Headd Jeffrey J, Immormino Robert M, Keedy Daniel A, Emsley Paul, Richardson David C, Richardson Jane S
Department of Biochemistry, Duke University Medical Center, 211 Nanaline Duke Building, 3711 DUMC, Durham, NC 27710, USA.
J Struct Funct Genomics. 2009 Mar;10(1):83-93. doi: 10.1007/s10969-008-9045-8. Epub 2008 Nov 11.
Misfit sidechains in protein crystal structures are a stumbling block in using those structures to direct further scientific inference. Problems due to surface disorder and poor electron density are very difficult to address, but a large class of systematic errors are quite common even in well-ordered regions, resulting in sidechains fit backwards into local density in predictable ways. The MolProbity web site is effective at diagnosing such errors, and can perform reliable automated correction of a few special cases such as 180 degrees flips of Asn or Gln sidechain amides, using all-atom contacts and H-bond networks. However, most at-risk residues involve tetrahedral geometry, and their valid correction requires rigorous evaluation of sidechain movement and sometimes backbone shift. The current work extends the benefits of robust automated correction to more sidechain types. The Autofix method identifies candidate systematic, flipped-over errors in Leu, Thr, Val, and Arg using MolProbity quality statistics, proposes a corrected position using real-space refinement with rotamer selection in Coot, and accepts or rejects the correction based on improvement in MolProbity criteria and on chi angle change. Criteria are chosen conservatively, after examining many individual results, to ensure valid correction. To test this method, Autofix was run and analyzed for 945 representative PDB files and on the 50S ribosomal subunit of file 1YHQ. Over 40% of Leu, Val, and Thr outliers and 15% of Arg outliers were successfully corrected, resulting in a total of 3,679 corrected sidechains, or 4 per structure on average. Summary Sentences: A common class of misfit sidechains in protein crystal structures is due to systematic errors that place the sidechain backwards into the local electron density. A fully automated method called "Autofix" identifies such errors for Leu, Val, Thr, and Arg and corrects over one third of them, using MolProbity validation criteria and Coot real-space refinement of rotamers.
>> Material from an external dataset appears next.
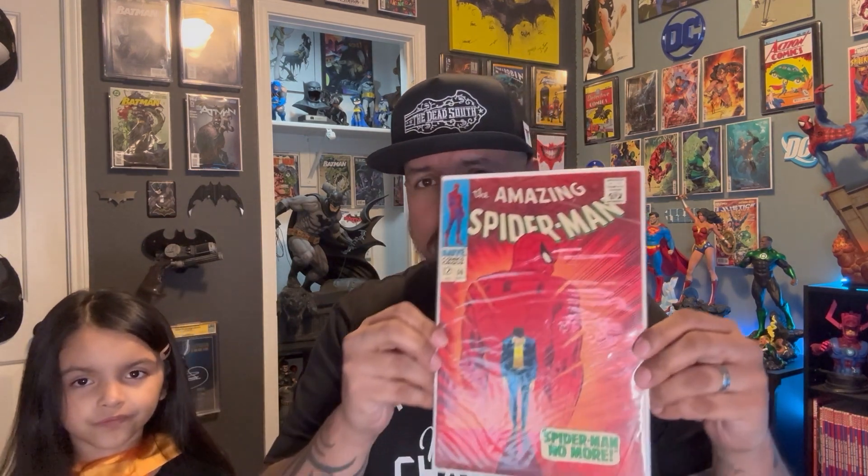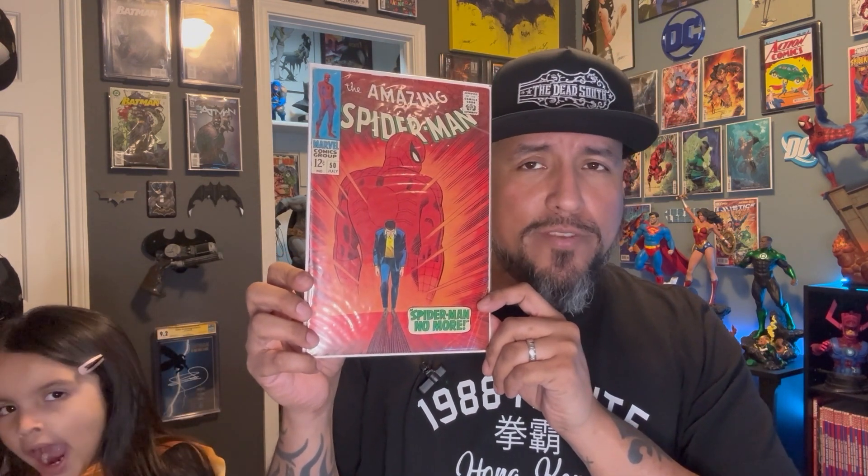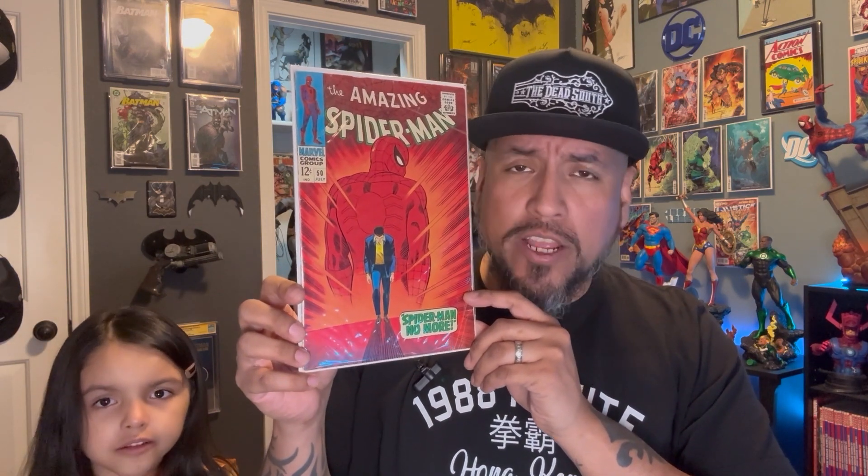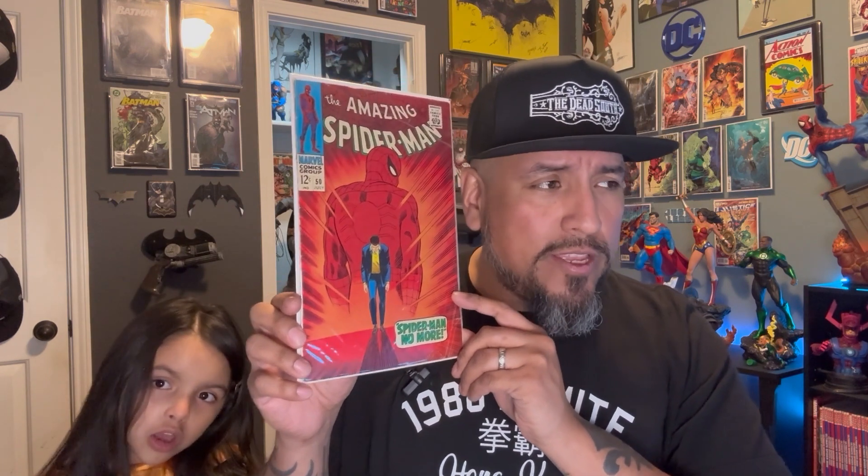Here it is, guys. It is Amazing Spider-Man number 50. This is not only the Spider-Man No More story — it's also the first appearance of Kingpin. Kingpin started off as a Spider-Man villain, but as we all know, he quickly became a centerfold Daredevil villain, played awesomely by Vincent D'Onofrio in the Netflix series, now crossing over into the MCU. So this is a book that if you're a Spider-Man collector it's a must, but if you're a Daredevil collector, it's also a 100% must.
蛋白质晶体结构中不匹配的侧链是利用这些结构进行进一步科学推断的绊脚石。由于表面无序和电子密度差导致的问题很难解决,但即使在有序区域,一大类系统误差也相当常见,导致侧链以可预测的方式反向拟合到局部密度中。MolProbity网站在诊断此类误差方面很有效,并且可以使用全原子接触和氢键网络对一些特殊情况(如天冬酰胺或谷氨酰胺侧链酰胺的180度翻转)进行可靠的自动校正。然而,大多数有风险的残基涉及四面体几何结构,对它们进行有效的校正需要对侧链移动以及有时对主链移动进行严格评估。当前的工作将强大的自动校正的益处扩展到更多的侧链类型。自动修复(Autofix)方法使用MolProbity质量统计数据识别亮氨酸、苏氨酸、缬氨酸和精氨酸中可能存在的系统性、翻转错误,使用Coot中带有旋转异构体选择的实空间精修提出校正位置,并根据MolProbity标准的改进情况和卡角变化接受或拒绝校正。在检查了许多单独的结果后,保守地选择标准以确保有效的校正。为了测试此方法,对945个代表性的蛋白质数据银行(PDB)文件以及文件1YHQ的50S核糖体亚基运行并分析了自动修复方法。超过40%的亮氨酸、缬氨酸和苏氨酸异常值以及15%的精氨酸异常值被成功校正,总共校正了3679个侧链,平均每个结构校正4个。总结句:蛋白质晶体结构中一类常见的不匹配侧链是由于系统误差导致侧链反向拟合到局部电子密度中。一种名为“自动修复”的全自动方法使用MolProbity验证标准和Coot对旋转异构体的实空间精修,识别亮氨酸、缬氨酸、苏氨酸和精氨酸中的此类错误,并校正其中超过三分之一的错误。